Au-delà du Pacte voulu par Nicolas Sarkozy et Brice Hortefeux, ce « rapatriement » découle directement du « traité d’amitié » signé entre l’Italie et la Libye en août 2008, par lequel Tripoli s’engage à faire la guerre aux candidats à l’exil en échange de cinq milliards de dollars promis sur 25 ans pour « compenser » la période coloniale. L’ambassadeur libyen à Rome, dans une interview publiée le 9 mai dans La Repubblica, n’a pas donné d’informations sur ce qu’étaient devenus les exilés refoulés, mais il a assuré que « les rapatriements seront bien plus nombreux » avec les patrouilles mixtes.

Pas de quoi rassurer ceux que cette opération a indignés. Le commissaire aux droits de l’Homme du conseil de l’Europe, Thomas Hammarberg, a condamné « l’initiative unilatérale de l’Italie, qui remet en cause le droit de demander l’asile et nie la possibilité de fuir des situations de répression et de violences », tandis que Ron Redmond, le porte-parole du Haut commissariat de l’ONU pour les réfugiés (HCR), a déclaré être « sérieusement inquiet de la politique pratiquée par l’Italie, qui porte atteinte à l’accès à l’asile en Europe ».

Rappelant que la Libye « ne possède pas de loi sur l’asile ni de système de protection des réfugiés », le HCR a envoyé une lettre à Rome pour lui demander d’accepter sur son territoire les migrants candidats à l’asile. Ron Redmond a indiqué que le HCR avait eu des contacts en prison avec certaines personnes refoulées, dont des Érythréens et des Somaliens, éligibles à l’asile politique.

Outre le Vatican, Médecins sans frontières a parlé d’une « journée noire », tout en soulignant que l’Italie avait été condamnée, le 10 mai 2005, par la cour européenne des droits de l’Homme après le retour forcé de 11 demandeurs d’asile qui n’avaient pu présenter leur requête. Migreurop et le réseau méditerranéen des droits de l’Homme, de leur côté, rappellent les pratiques libyennes de « violences, maltraitance, enfermement, viols, tortures et déportations » à l’égard des étrangers en situation irrégulière.

Le silence de Bruxelles

À Bruxelles, la prudence est de mise. L’un des porte-parole a indiqué, le 8 mai, avoir besoin de « détails » sur ce qui s’est passé pour se prononcer. Près d’une semaine après, silence radio. De fait, cette affaire embarrasse la commission européenne, engagée depuis 2004 dans des négociations avec Tripoli pour lutter contre l’immigration irrégulière. À l’issue d’une rencontre, en avril 2009, avec l’ambassadeur de Libye, Jacques Barrot, le commissaire pour la justice, la liberté et la sécurité, a déclaré que « certaines contreparties réclamées par Tripoli posent problèmes », évoquant les demandes de financements et de moyens logistiques pour surveiller la frontière sud du pays par laquelle passe de nombreux migrants africains en route vers l’Europe.

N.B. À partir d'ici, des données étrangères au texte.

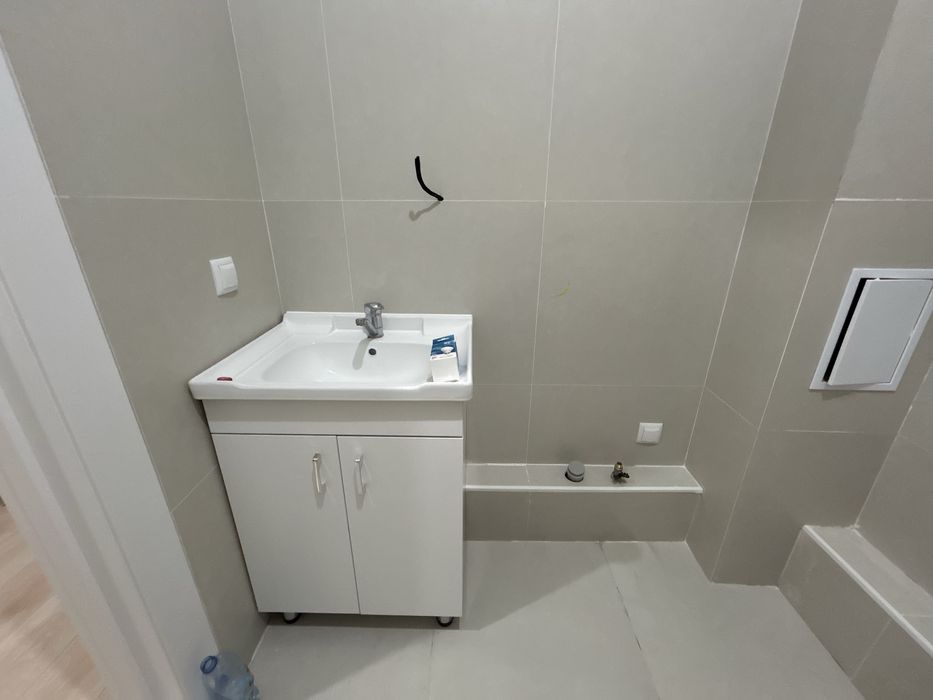 Сдаю 1 ком квартиру, пустую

Malgré l’absence d’accords ou de partenariats, l’UE lui a, en réalité, déjà envoyé des millions d’euros pour l’aider à contrôler ses frontières car elle entend lui sous-traiter une partie de sa politique migratoire. Les enjeux sont aussi économiques tant les ressources libyennes en gaz et en pétrole notamment intéressent les États membres.
Les récentes frictions diplomatiques entre l’Italie et Malte témoignent de l’attitude restrictive de l’UE, renforcée en période de crise économique, à l’égard des immigrés. Fin avril, près de 150 exilés ont été bloqués en mer durant quatre jours sur un cargo turc ballotté entre les autorités italiennes et maltaises. Ils avaient été recueillis dans la zone de sauvetage de Malte, mais le port le plus proche était Lampedusa, où ils ont finalement pu débarquer dans un état déplorable. Même scénario, à quelques nuances près, début mai, sauf que cette fois-ci, le gouvernement maltais a accepté, tout en protestant, de « prendre en charge » les 66 migrants « pour des raisons humanitaires », du fait du refus italien de les accueillir.

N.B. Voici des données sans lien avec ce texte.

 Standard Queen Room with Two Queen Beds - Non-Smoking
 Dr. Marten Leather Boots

Les conditions d’entrée et de séjour des étrangers dans les pays membres de l’UE ont beau se durcir, cela n’empêche pas les exilés de tenter la traversée de la Méditerranée, au péril de leur vie. Fin mars, une embarcation a coulé aux larges des côtes libyennes. À son bord, plus de 250 personnes. Seuls 23 migrants ont pu être sauvés. Selon l’association Fortress Europe, au moins 13.770 personnes sont mortes aux frontières de l’UE, en mer ou dans le désert du Sahara, depuis la fin des années 1980. Selon le HCR, plus de 67.000 personnes sont arrivées sur les côtes européennes en 2008 après avoir traversé la mer, parmi lesquelles 38.000 ont débarqué en Italie et Malte.

Selon l’agence onusienne, « la grande majorité de ces personnes ont demandé l’asile, et plus de la moitié de celles qui l’ont fait ont été considérées comme ayant besoin de protection internationale. Les possibilités d’entrer en Europe par des moyens légaux étant rares, des milliers de personnes menacées de persécutions et de violations graves des droits humains dans leur pays d’origine n’ont pas d’autre choix que d’emprunter ce dangereux itinéraire maritime ».

« On observe une très forte hausse des arrivées au cours des quatre premiers mois de 2009 en Italie », indique Gabriele del Grande, journaliste et écrivain, fondateur de Fortress Europe. « Habituellement, ajoute-t-il, les traversées sont plus nombreuses l’été lorsque la mer est plus calme. Mais les déclarations de Roberto Maroni et la perspective des patrouilles mixtes ont pu en pousser certains à tenter le départ avant. Par ailleurs, le passage via l’Algérie et l’Espagne étant de plus en plus difficile, les migrants d’Afrique de l’Ouest ont modifié leur parcours en passant par le Niger et la Libye. »

La Grèce, Malte, l’Italie et l’Espagne sont, pour des raisons géographiques, directement confrontées aux arrivées sur leurs côtes, mais la plupart des pays membres s’organisent, en amont, pour tenter de limiter les départs et de faciliter les retours forcés. C’est dans ce contexte qu’ont été adoptés, le 14 mai à l’Assemblée nationale, des accords bilatéraux signés entre la France et quatre pays du continent africain : la Tunisie, le Congo-Brazzaville, le Bénin et le Sénégal. Chacune de ces conventions prévoit des projets de développement solidaires en contrepartie de l’engagement des pays d’émigration à réadmettre sur leur sol leurs ressortissants en situation irrégulière.